Numa platéia formada por representantes de movimentos populares e sindicatos, e com a participação de órgãos e entidades como a Ordem dos Advogados do Brasil (OAB) e Justiça do Trabalho, o senador deixou claro que sua passagem por Sergipe, a exemplo do que ocorreu em outros estados, era para dizer não à PLC da Terceirização. “O momento é de mobilização para que a pauta que representa o retrocesso não seja aprovada no Congresso. Todos que estão aqui são contra esse projeto”, frisou Paim.
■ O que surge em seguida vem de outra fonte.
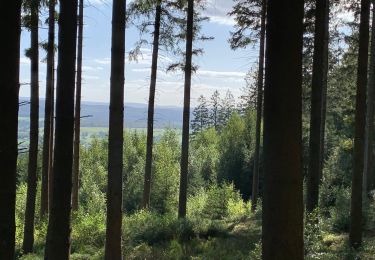 Trail Horseback riding Theux - La Reid Les Cours - Photo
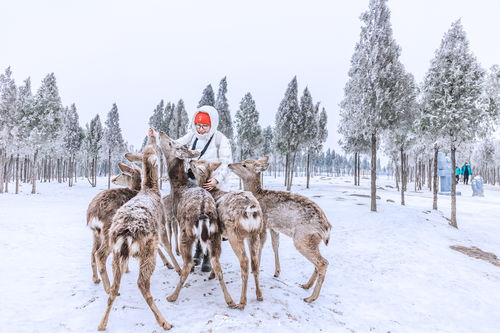  郑州周边自驾游,山上的城堡滑雪场开放了跨年元旦带娃好去处
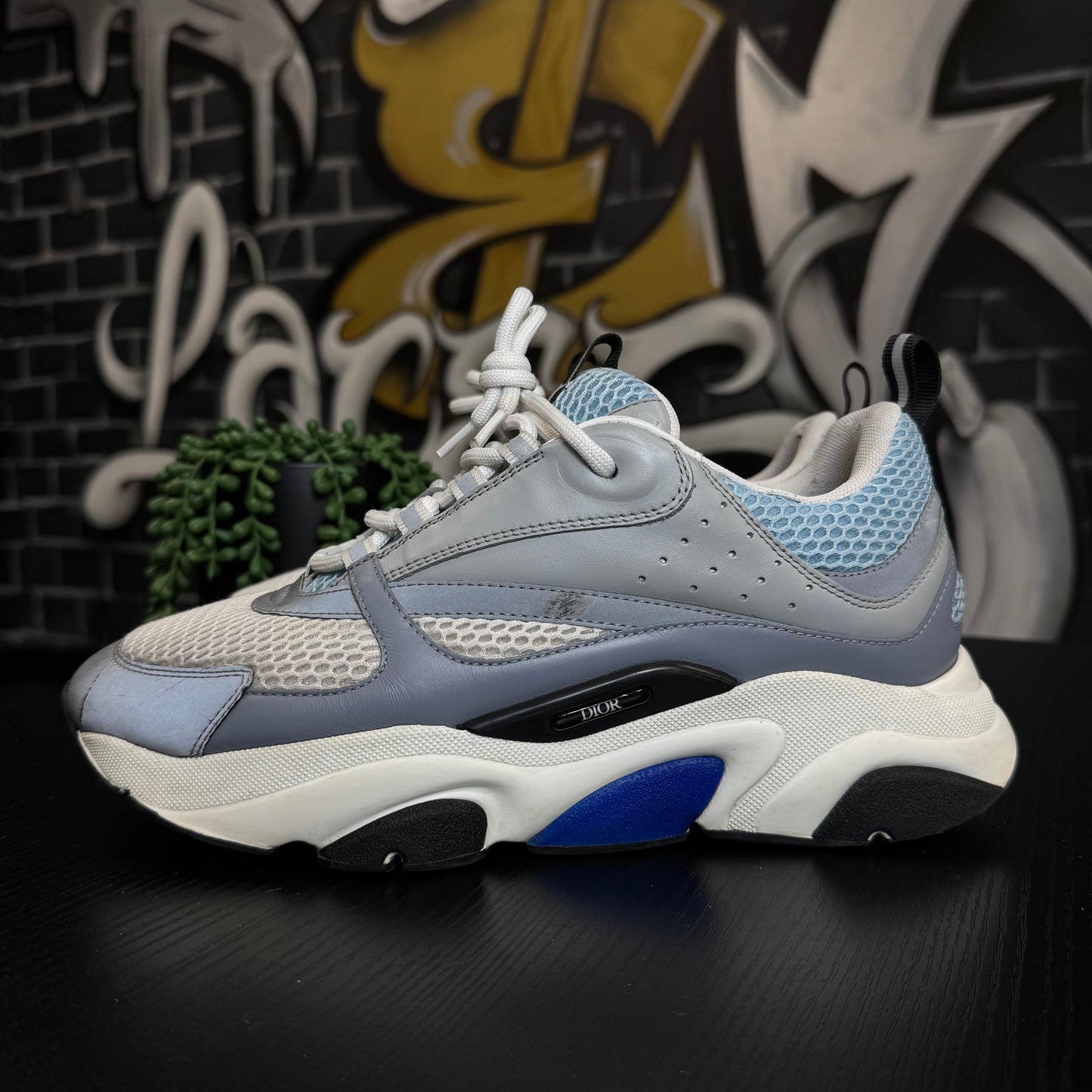 Dior B22 Grey/Blue
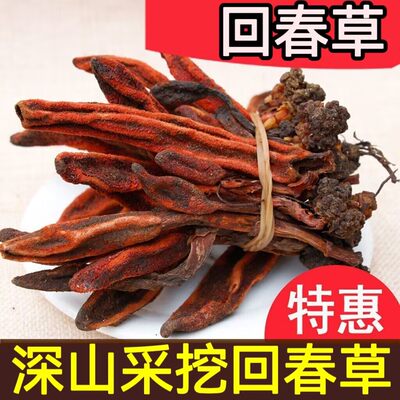 正宗云南草不老草泡酒滋补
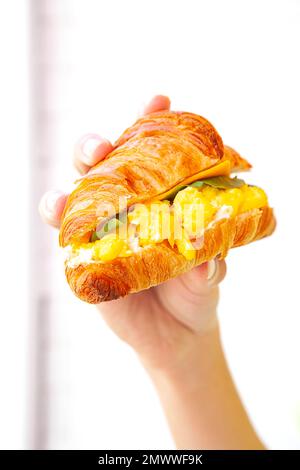 Hand mit einem Frühstücks-Brioche-Croissant-Sandwich mit Rührei-Füllkäse und Raketenblatt. Stockfoto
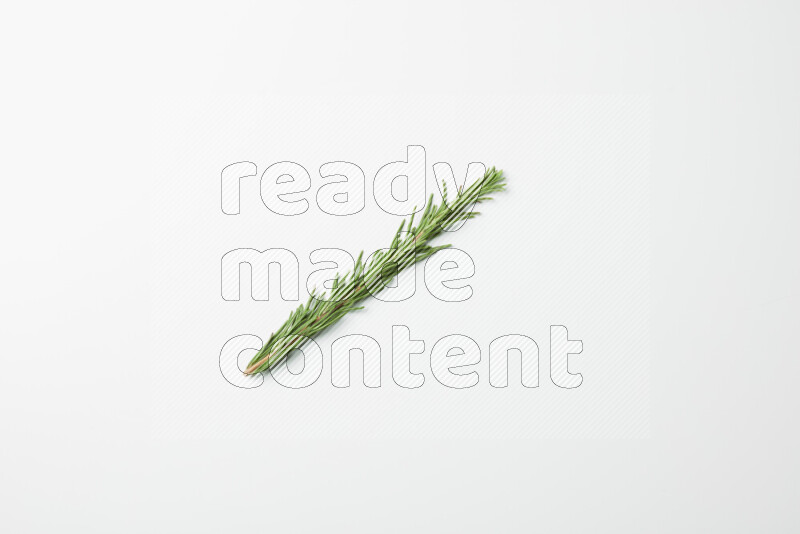 One fresh rosemary sprig on white background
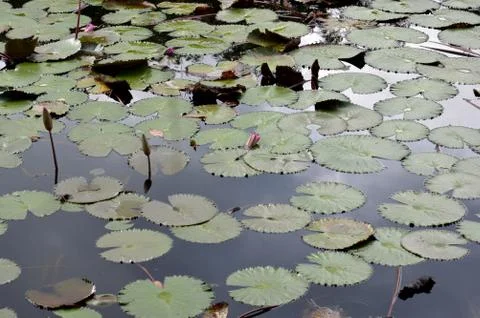 Lotus pond 库存照片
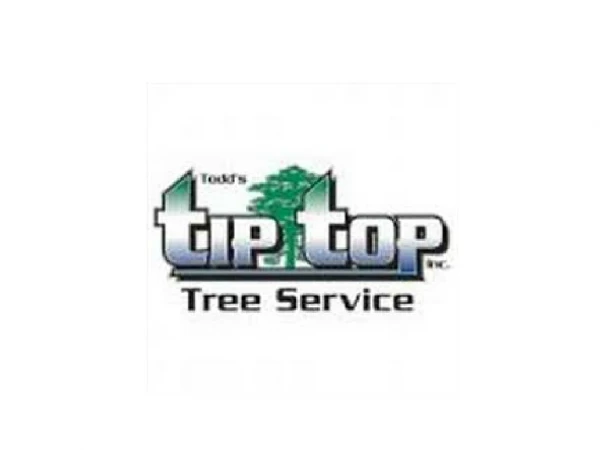 Todd's Tip Top Complete Tree Service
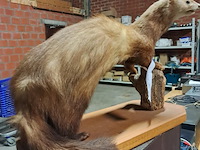 Taxi dermic - afbeelding 5 van  6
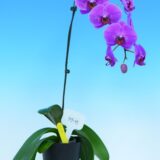 Phal. Yongli "T17-7" - Image 2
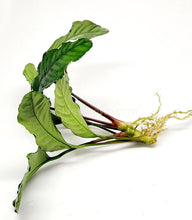 Load image into Gallery viewer, Anubias Coffeefolia-Aquatic Plants-Glass Grown-Glass Grown Aquatics-Aquarium live fish plants, decor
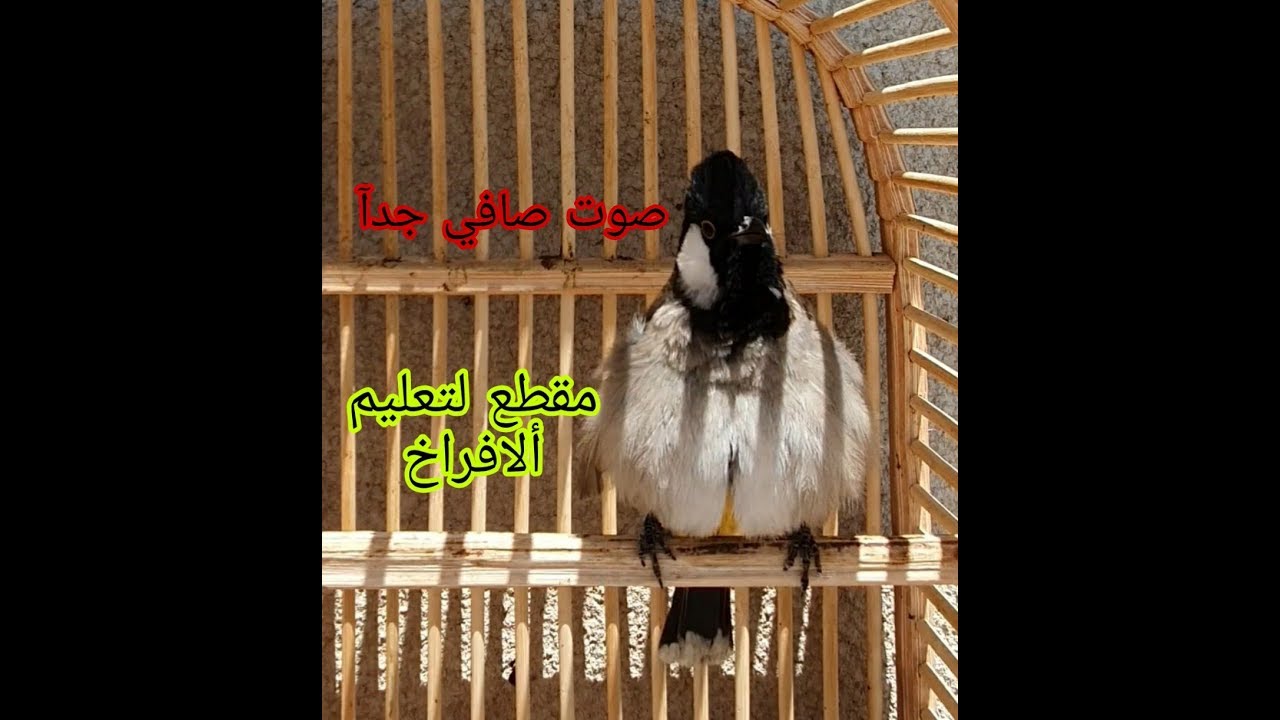 بلبل طور علوازي الملقب موسوليني جاهز للتخريج صار
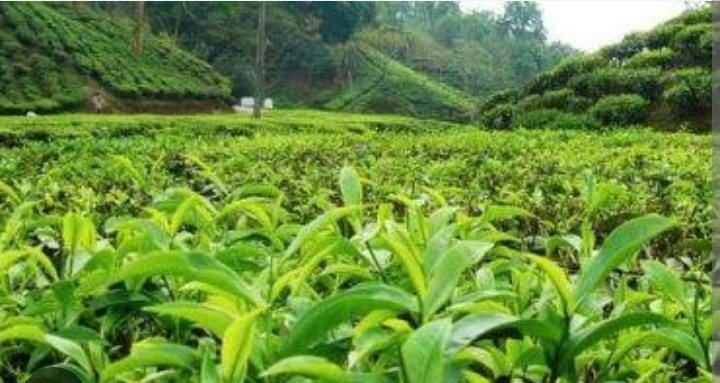 एक नया दिवस शुरू हुआ है आपने मनाया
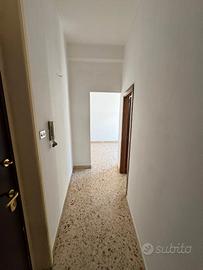 Appartamento luminosissimo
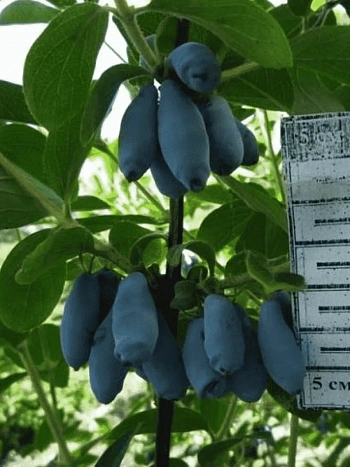 Жимолость плодовая Jugana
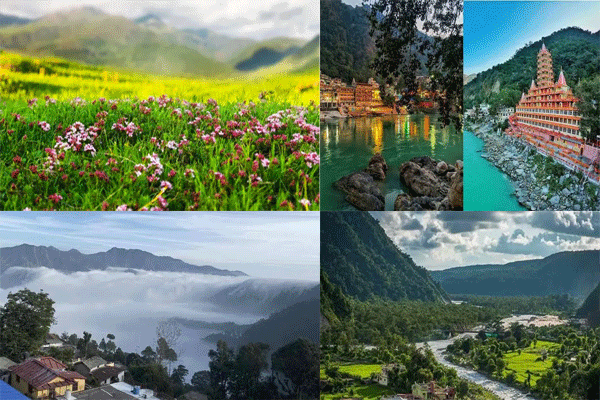 these 5 places are perfect choices these 5 places are perfect choices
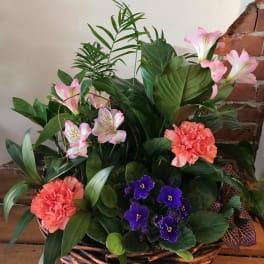 Basket arrangement with pink lilies, coral carnations, and purple violets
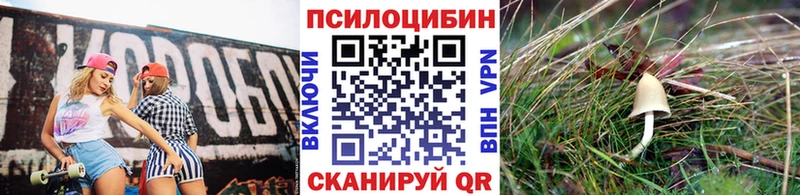 Галлюциногенные грибы Psilocybine cubensis  KRAKEN ТОР  Кулебаки 
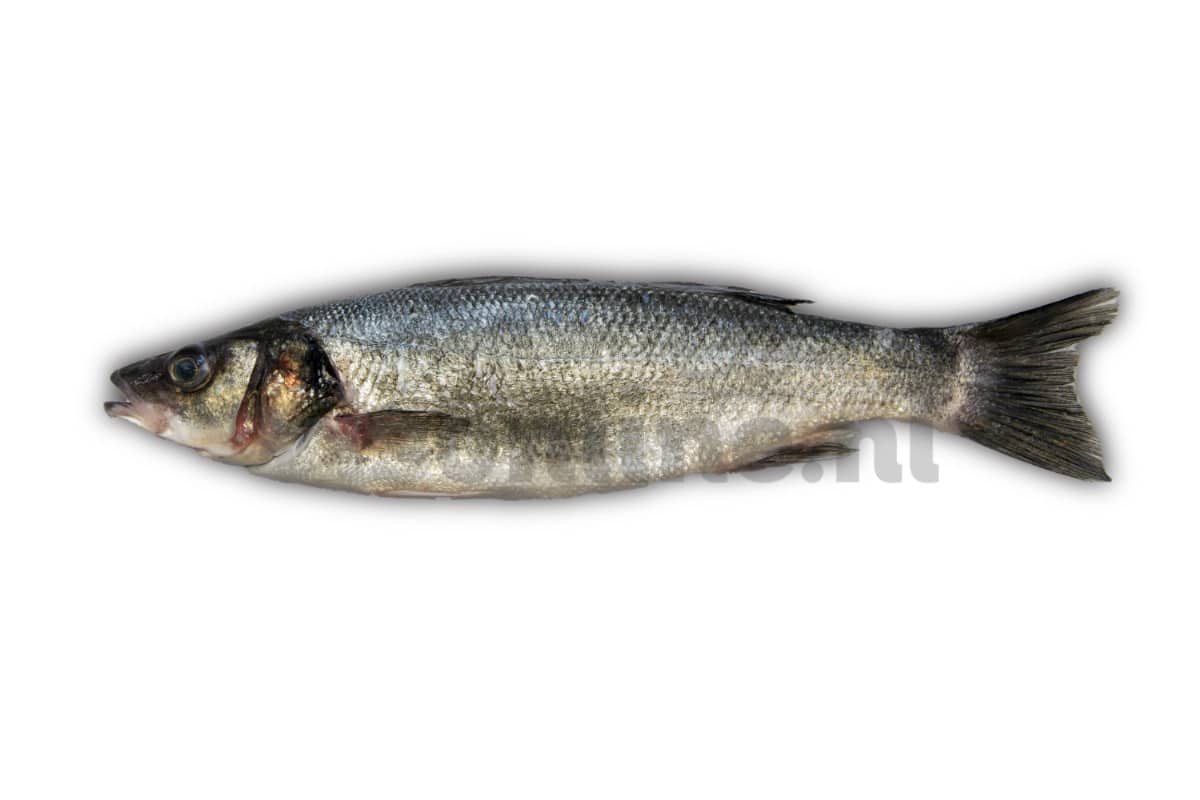 ❄ Zeebaars ca. 450g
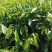 沉香植生苗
Iniciativa da Comissão de Direitos Humanos e Legislação Participativa do Senado Federal, a audiência pública revelou a liderança do senador num movimento que ganha corpo em todos os estados. Paulo Paim destacou os números negativos do processo de terceirização lembrando estatísticas que acendem o sinal de alerta. “De cada cem ações que tramitam na Justiça do Trabalho, oitenta são contra empresas terceirizadas. Oito em cada dez acidentes de trabalho são com empresas terceirizadas”, observou. E os salários, explica o senador, representam metade do que é pago aos outros trabalhadores. “Não é justo, pois os terceirizados fazem um trabalho importante”.

O país conta com 13,5 milhões de trabalhadores terceirizados e segundo Paulo Paim, essa categoria de trabalhadores precisa ter os mesmos direitos. “O vídeo visto aqui no Plenário da Assembleia Legislativa de Sergipe, com atores como Osmar Prado e Wagner Moura engajados nessa campanha, mostra que o trabalho terceirizado barateia a produção e às vezes esconde o trabalho escravo”, lamentou o senador, que teme um quadro pior com a aprovação da PLC de Sandro Mabel. “Os terceirizados estão mais expostos aos acidentes de trabalho e têm jornada de trabalho de três horas a mais (por semana) recebendo 25% a menos do que os trabalhadores com contratos diretos”.